Multimodal configuration

After running the main conversion pipeline you can populate the required YAML parameters file to run the multimodal integration pipeline.

Parameters file

The parameters file looks like this:

outdir: "/path/to/output/"

url: http://localhost:3000/
project: my_project
title: "My Project"

data:
  -
    dataset: scrnaseq
    obs_type: cell
    anndata: /path/to/main/output/scrnaseq-anndata.zarr
    offset: 0
    is_spatial: false
    vitessce_options:
      spatial:
        xy: obsm/spatial
      mappings:
        obsm/X_umap: [0,1]
      matrix: X
  -
    dataset: visium
    obs_type: spot
    anndata: /path/to/main/output/visium-anndata.zarr
    offset: 1000000
    is_spatial: true
    raw_image: /path/to/main/output/visium-raw.zarr
    label_image: /path/to/main/output/visium-label.zarr
    vitessce_options:
      spatial:
        xy: obsm/spatial
      matrix: X

In contrast to the main conversion pipeline’s parameters file, this file includes a single project to which multiple datasets belong.

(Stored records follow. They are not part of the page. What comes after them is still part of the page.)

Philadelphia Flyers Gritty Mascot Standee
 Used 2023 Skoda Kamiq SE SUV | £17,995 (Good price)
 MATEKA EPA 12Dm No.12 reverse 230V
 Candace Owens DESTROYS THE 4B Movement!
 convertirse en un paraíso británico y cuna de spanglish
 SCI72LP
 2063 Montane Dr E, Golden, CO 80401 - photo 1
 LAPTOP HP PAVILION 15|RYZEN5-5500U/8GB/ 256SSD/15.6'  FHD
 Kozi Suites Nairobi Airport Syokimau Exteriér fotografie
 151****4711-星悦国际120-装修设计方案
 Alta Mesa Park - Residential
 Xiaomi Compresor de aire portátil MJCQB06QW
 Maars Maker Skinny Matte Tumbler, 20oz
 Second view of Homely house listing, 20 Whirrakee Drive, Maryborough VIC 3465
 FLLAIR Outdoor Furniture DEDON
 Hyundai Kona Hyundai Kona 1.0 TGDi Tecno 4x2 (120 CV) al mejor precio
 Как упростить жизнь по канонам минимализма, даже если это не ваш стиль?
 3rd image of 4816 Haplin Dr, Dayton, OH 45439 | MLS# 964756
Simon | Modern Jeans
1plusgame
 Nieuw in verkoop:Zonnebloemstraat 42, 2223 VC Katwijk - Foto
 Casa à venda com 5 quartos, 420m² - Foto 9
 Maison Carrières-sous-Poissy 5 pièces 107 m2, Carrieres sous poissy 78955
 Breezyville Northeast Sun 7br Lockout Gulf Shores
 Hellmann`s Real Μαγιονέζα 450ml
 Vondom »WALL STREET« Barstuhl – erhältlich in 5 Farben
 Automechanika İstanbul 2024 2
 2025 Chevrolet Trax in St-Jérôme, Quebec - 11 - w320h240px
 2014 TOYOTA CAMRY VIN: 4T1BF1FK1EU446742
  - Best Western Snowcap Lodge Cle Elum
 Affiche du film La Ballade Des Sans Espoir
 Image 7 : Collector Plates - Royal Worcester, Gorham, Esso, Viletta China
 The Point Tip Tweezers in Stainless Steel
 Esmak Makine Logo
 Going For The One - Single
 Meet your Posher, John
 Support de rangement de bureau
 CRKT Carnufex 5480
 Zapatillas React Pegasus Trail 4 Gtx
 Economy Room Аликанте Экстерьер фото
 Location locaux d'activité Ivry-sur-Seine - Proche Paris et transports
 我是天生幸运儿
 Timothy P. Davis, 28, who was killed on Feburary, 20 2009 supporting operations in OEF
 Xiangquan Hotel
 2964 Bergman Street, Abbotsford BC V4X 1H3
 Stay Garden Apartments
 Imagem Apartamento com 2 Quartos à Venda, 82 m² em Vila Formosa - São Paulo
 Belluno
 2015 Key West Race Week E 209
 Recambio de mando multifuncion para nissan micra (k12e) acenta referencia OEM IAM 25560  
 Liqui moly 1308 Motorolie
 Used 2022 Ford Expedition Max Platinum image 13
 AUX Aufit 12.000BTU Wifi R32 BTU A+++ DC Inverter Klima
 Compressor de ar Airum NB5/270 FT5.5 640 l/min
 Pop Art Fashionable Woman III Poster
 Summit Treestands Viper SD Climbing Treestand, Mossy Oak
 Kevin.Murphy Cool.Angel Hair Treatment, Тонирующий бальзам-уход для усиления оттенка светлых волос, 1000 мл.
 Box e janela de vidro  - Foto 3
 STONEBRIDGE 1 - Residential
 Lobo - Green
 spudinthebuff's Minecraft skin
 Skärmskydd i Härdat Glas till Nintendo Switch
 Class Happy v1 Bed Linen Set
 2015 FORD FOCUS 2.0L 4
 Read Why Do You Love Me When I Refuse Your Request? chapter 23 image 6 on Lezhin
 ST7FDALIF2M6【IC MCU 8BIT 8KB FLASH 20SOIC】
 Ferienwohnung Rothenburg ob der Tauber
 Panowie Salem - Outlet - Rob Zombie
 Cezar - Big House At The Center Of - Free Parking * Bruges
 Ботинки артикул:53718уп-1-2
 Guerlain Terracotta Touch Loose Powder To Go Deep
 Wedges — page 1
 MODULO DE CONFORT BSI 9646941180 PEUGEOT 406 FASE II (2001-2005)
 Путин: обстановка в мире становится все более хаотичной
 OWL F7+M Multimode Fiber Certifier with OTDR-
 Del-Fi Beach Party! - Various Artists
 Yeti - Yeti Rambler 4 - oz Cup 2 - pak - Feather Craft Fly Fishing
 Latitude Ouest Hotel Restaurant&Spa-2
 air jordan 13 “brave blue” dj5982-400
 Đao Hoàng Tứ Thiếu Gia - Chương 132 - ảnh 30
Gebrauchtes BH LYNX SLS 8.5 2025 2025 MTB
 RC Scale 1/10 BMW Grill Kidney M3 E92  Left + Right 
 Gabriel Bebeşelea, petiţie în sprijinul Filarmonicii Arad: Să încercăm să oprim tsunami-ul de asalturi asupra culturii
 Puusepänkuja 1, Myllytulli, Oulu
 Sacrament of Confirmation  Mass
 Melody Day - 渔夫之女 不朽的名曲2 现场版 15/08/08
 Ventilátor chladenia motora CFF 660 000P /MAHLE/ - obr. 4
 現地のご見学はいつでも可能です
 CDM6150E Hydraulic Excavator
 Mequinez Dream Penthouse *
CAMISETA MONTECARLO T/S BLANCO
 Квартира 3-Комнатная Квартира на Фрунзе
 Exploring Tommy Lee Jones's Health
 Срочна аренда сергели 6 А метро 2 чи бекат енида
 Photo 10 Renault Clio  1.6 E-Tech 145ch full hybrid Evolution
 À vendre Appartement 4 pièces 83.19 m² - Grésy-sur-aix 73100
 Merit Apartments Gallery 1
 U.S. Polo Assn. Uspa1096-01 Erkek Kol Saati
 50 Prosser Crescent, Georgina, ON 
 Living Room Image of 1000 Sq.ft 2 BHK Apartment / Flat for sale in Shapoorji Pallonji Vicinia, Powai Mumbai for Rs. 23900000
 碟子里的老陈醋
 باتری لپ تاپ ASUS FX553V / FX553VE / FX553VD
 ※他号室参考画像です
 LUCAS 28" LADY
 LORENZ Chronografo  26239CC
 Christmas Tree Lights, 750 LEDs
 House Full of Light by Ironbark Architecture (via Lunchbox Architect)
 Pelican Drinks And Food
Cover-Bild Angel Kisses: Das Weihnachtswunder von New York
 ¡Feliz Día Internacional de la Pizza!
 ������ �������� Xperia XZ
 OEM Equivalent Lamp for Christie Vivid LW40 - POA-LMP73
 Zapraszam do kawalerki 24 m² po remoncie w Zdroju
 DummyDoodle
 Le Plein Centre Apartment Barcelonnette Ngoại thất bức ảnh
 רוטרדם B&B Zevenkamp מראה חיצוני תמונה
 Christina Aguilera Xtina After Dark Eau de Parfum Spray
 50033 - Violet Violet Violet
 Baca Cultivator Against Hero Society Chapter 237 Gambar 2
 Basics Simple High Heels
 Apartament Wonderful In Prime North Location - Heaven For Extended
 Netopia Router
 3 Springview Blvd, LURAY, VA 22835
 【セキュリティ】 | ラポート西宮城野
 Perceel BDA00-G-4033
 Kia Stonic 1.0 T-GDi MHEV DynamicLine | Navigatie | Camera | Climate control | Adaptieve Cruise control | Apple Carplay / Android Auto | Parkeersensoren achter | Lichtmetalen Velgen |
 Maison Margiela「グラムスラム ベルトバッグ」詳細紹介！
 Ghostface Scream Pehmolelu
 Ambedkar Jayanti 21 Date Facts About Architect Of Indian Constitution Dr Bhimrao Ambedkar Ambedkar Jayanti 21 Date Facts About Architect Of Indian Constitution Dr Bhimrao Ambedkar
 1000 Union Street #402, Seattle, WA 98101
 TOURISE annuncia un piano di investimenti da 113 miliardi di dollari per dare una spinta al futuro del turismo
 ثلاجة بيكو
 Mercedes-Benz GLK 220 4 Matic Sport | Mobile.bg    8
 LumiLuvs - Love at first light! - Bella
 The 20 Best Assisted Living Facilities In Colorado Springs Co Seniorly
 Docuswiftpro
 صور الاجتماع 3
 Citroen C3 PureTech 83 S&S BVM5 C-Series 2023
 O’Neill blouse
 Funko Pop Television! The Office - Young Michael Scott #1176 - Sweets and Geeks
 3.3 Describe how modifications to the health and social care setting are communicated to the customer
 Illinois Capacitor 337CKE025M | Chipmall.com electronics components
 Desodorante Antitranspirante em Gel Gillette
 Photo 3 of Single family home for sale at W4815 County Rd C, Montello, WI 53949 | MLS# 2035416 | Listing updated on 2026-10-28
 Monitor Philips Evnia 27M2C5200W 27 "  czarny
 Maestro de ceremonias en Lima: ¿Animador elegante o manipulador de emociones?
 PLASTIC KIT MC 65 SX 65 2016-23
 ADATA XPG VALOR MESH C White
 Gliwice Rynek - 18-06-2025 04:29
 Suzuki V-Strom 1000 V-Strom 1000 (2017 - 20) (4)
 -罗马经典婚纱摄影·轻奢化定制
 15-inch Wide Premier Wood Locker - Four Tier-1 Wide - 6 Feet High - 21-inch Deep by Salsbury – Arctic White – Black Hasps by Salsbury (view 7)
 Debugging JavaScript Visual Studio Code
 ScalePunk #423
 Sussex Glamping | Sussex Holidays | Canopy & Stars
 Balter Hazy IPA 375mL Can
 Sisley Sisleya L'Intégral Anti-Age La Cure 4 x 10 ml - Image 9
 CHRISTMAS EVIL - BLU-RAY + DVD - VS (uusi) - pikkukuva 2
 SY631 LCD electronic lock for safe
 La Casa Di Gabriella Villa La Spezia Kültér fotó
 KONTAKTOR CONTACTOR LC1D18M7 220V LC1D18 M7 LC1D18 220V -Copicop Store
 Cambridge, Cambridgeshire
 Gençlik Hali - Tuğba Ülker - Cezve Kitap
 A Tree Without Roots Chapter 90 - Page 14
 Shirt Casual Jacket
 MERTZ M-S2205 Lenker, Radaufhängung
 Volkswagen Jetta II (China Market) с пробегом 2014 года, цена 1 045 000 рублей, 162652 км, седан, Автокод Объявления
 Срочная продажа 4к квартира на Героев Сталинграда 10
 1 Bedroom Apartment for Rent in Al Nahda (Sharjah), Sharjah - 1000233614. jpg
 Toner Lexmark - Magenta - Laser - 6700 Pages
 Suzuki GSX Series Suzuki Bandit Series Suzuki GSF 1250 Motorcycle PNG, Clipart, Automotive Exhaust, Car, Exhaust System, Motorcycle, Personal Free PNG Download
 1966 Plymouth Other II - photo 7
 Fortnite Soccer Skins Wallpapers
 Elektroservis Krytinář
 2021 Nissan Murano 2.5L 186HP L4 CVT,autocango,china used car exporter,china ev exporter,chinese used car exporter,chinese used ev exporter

Each dataset block defines the name of the dataset and paths to the converted data and image files (if any).

Each dataset also requires a set of vitessce_options that specify the location of certain data (spatial coordinates, embeddings, expression matrix, etc.) within the AnnData object that is processed/generated. This follows the same structure as in the main pipeline’s vitessce_options.

Additionally, each dataset requires:

  • obs_type, a string indicating the type of observation of the dataset. For example, “cell” or “spot”.

  • offset, an integer offset to add to the dataset’s ID’s so they don’t clash with the other datasets.

  • is_spatial, a boolean indicating whether the dataset contains spatial information and has associated image files (raw and/or label images)

Given that raw images are only read but not modified the pipeline does not generate new output from them. In order for the output directory (defined by outdir) to contain all necessary files that need to be served for the web application to consume, by default, the pipeline copies the raw images to the output directory (unless a file with the same name already exists in the output directory). This process can take a long time depending on the size of the image. You may want to manually copy or move the image or serve it from its own directory separate from the rest of the output. The default copying can be disabled by setting copy_raw: false as a project-wide parameter (at the same level as outdir, project, etc). For example,

outdir: "/path/to/output/"
url: http://localhost:3000/
project: my_project
title: "My Project"
copy_raw: false

With additional features

Using the above example parameters file to run the multimodal integration pipeline will run the reindexing and intersection steps. To perform the concatenation of additional features (like celltypes) to visualise them as continuous values, some extra parameters need to be added.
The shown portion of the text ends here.